Cada país tem o seu Elvis Presley. O do Brasil, sem dúvida, é Raul Seixas (1945-1989). O cantor e compositor baiano, aliás, adorava Elvis. Foi seu ídolo de infância, chegando a fundar em Salvador um certo Elvis Rock Club junto com o amigo Waldir Serrão.
Esta ligação e outras estão no documentário "Raul - O Início, o Fim e o Meio", em que o diretor Walter Carvalho ("Cazuza - O Tempo Não Para", "Budapeste") procura dar conta do mito e do homem Raul - um dos ídolos da música nacional que mais tem provocado um culto póstumo em torno de si, seguindo, nisso também, a saga de Elvis.

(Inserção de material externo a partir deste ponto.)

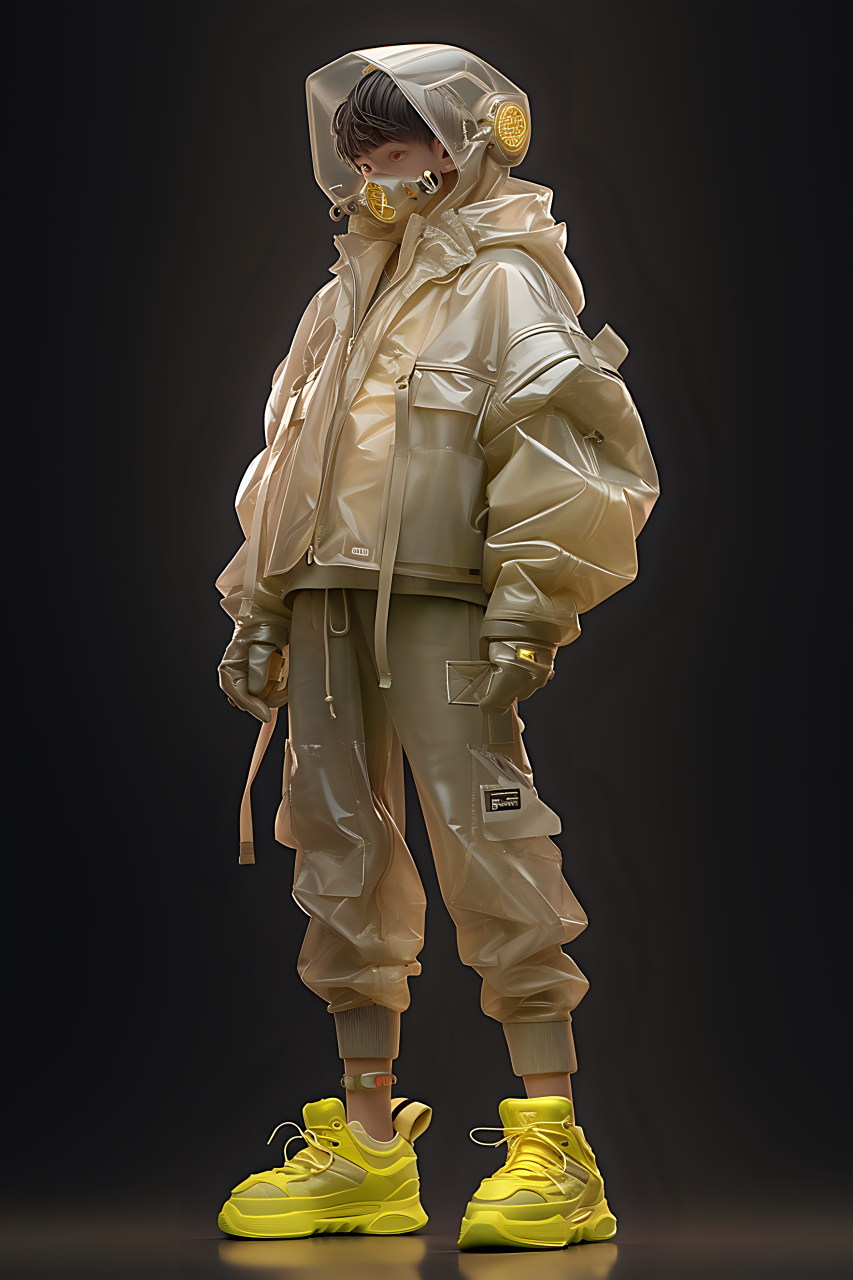 朋克风的少年服装设计#ai绘画# #服装# #壁纸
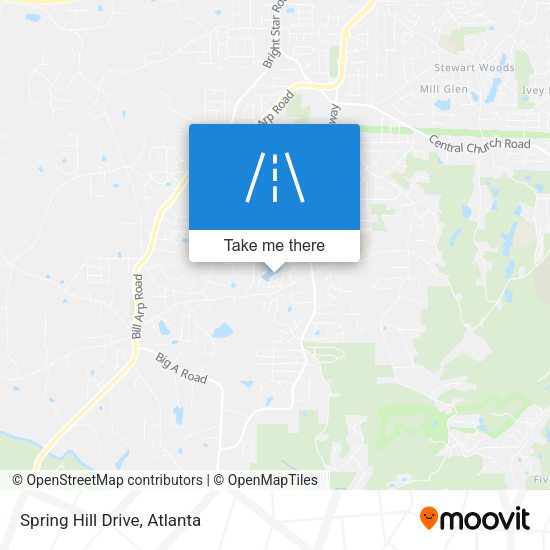 Mapa de Spring Hill Drive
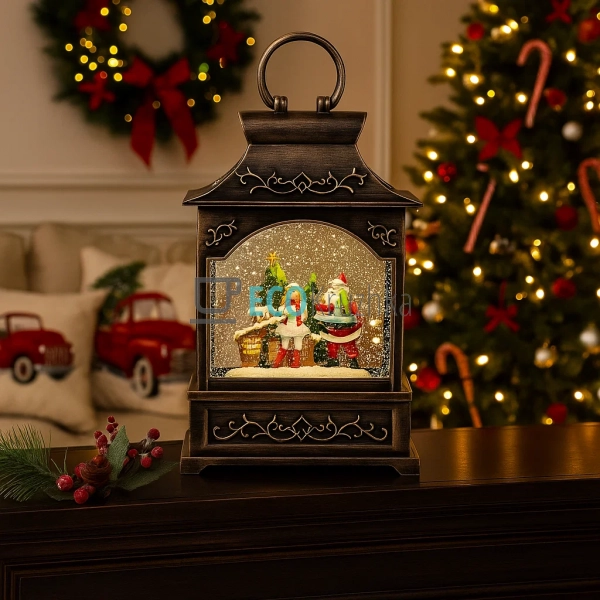 Декоративний ліхтар «Санта з подарунками» 25 см (919-019 ... Декоративний ліхтар «Санта з подарунками» 25 см (919-019 ...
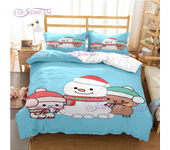3pcs Bedding Set Cartoon Bubu and Dudu Series Design Home Textile Duvet Cover Pillow Case Kid Teen Girl Bedding Lover Covers Set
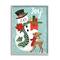 Stupell Industries Joy Smiling Snowman Holiday Deer Framed Giclee Art
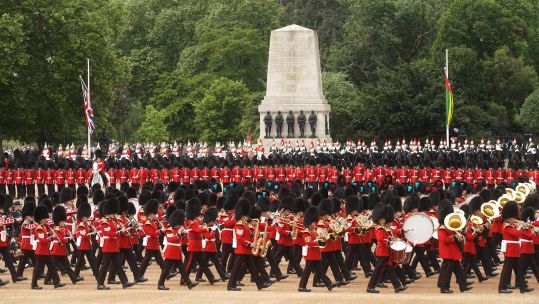 The Colonel's Review at Horse Guards parade (Picture: PA)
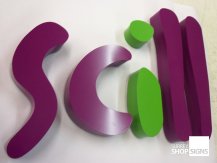 scill metal letters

Baiano como os tropicalistas Caetano Veloso, Gilberto Gil e Tom Zé, Seixas mostrou-se mais anárquico e radical do que eles. Misturou rock com baião no primeiro grande sucesso, "Let me Sing, Let me Sing", que estourou no Festival Internacional da Canção em 1972, traduzindo nessa canção uma outra influência, de Luiz Gonzaga.
Guiado por intuição e rigor, Walter Carvalho reconstitui a trajetória explosiva de Raul, que encontra no escritor Paulo Coelho um parceiro de drogas, satanismo e sucessos como "Há Dez Mil Anos Atrás" e "Sociedade Alternativa" - esta última, valendo aos dois problemas com a ditadura militar da época, que enxergou nela uma mensagem política e, por isso, os prendeu, torturou e mandou ao exílio nos Estados Unidos.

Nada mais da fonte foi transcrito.